DATA FOR THE TASK:
=== Begin Enclosure ===

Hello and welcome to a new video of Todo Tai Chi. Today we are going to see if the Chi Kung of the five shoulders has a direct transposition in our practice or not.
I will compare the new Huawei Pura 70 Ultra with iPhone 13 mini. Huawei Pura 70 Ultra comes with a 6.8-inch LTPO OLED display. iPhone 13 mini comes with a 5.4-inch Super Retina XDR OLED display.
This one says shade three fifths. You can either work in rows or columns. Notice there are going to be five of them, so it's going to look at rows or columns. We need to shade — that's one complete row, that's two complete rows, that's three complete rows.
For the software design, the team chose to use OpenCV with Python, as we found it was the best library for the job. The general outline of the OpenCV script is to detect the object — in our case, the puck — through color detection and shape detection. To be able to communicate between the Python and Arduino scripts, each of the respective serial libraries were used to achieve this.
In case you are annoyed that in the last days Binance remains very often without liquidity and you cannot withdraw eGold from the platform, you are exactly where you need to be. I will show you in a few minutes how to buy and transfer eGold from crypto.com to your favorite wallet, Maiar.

=== End Enclosure ===
=== Begin Enclosure ===

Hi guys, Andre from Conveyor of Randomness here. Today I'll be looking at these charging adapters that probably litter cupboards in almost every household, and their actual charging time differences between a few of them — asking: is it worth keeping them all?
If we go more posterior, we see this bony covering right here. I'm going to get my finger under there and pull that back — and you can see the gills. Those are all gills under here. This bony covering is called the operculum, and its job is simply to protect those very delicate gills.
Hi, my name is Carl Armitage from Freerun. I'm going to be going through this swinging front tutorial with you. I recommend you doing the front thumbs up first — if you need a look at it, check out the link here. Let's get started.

=== End Enclosure ===
=== Begin Enclosure ===

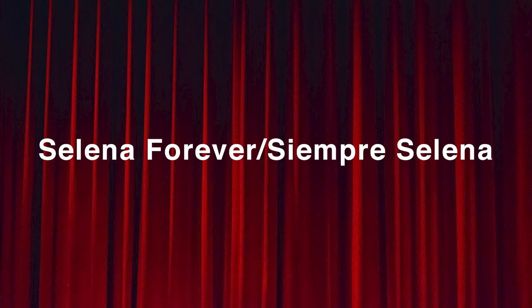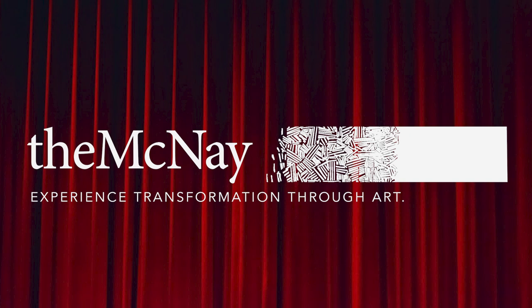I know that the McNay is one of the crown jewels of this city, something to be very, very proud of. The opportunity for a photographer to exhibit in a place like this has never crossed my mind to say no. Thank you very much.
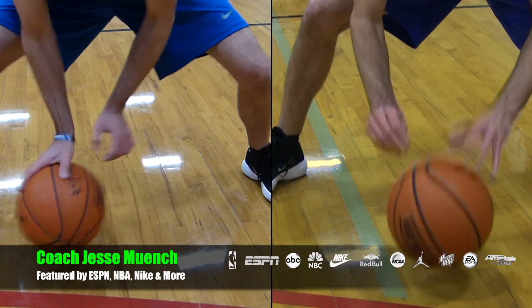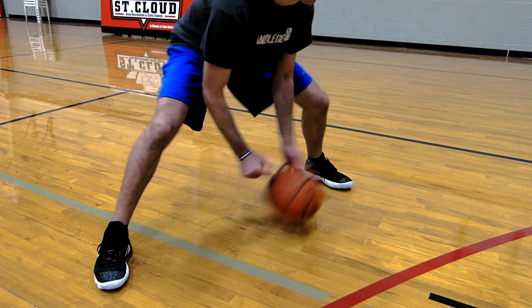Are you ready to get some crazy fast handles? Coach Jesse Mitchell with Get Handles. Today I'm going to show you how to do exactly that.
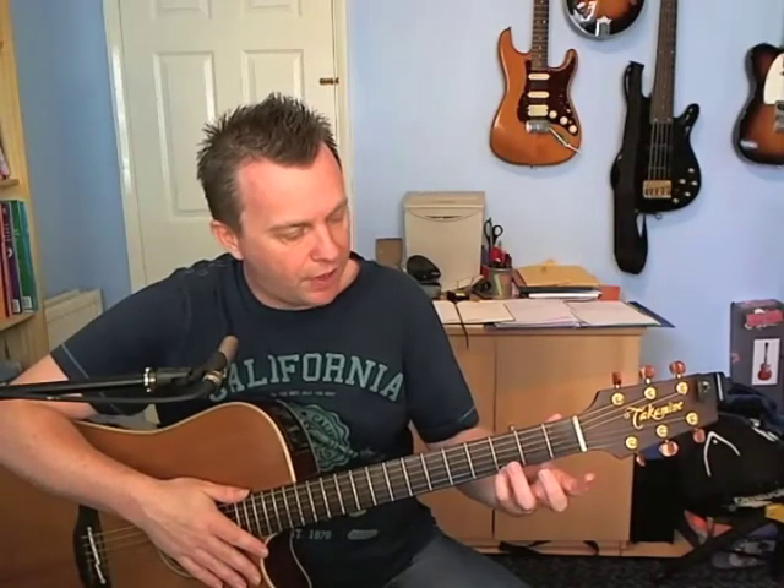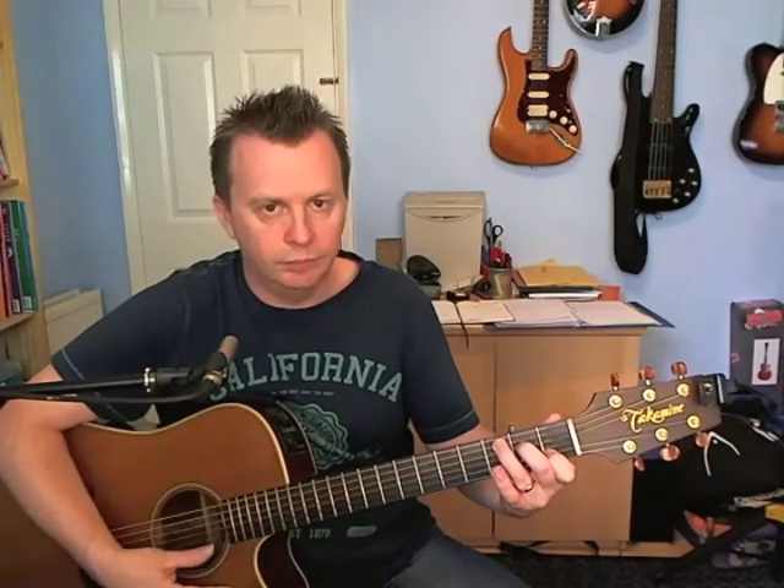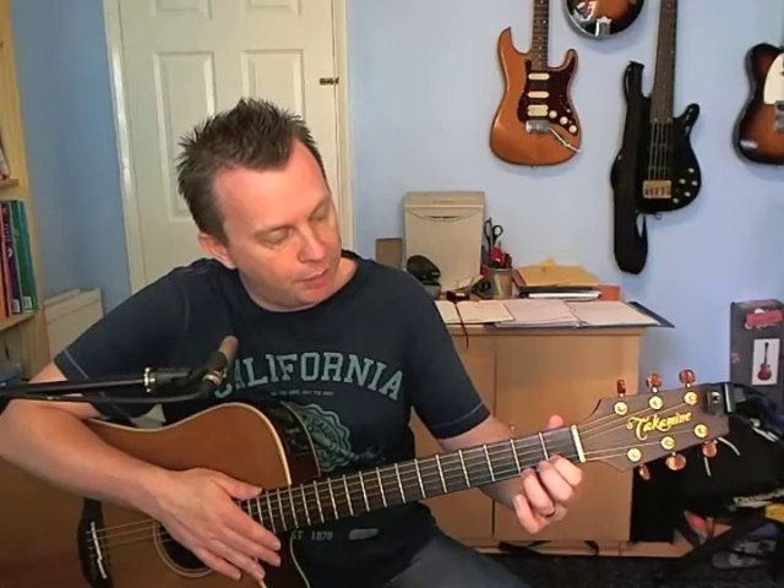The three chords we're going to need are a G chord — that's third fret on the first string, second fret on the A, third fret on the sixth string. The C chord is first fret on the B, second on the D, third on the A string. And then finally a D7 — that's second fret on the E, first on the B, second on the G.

=== End Enclosure ===

WHAT IS EXPECTED: Extract exactly and only the lines above from the line containing "Hello and welcome" through the line containing "This one says", both end lines included.

EXERCISE RESULT:
Hello and welcome to a new video of Todo Tai Chi. Today we are going to see if the Chi Kung of the five shoulders has a direct transposition in our practice or not.
I will compare the new Huawei Pura 70 Ultra with iPhone 13 mini. Huawei Pura 70 Ultra comes with a 6.8-inch LTPO OLED display. iPhone 13 mini comes with a 5.4-inch Super Retina XDR OLED display.
This one says shade three fifths. You can either work in rows or columns. Notice there are going to be five of them, so it's going to look at rows or columns. We need to shade — that's one complete row, that's two complete rows, that's three complete rows.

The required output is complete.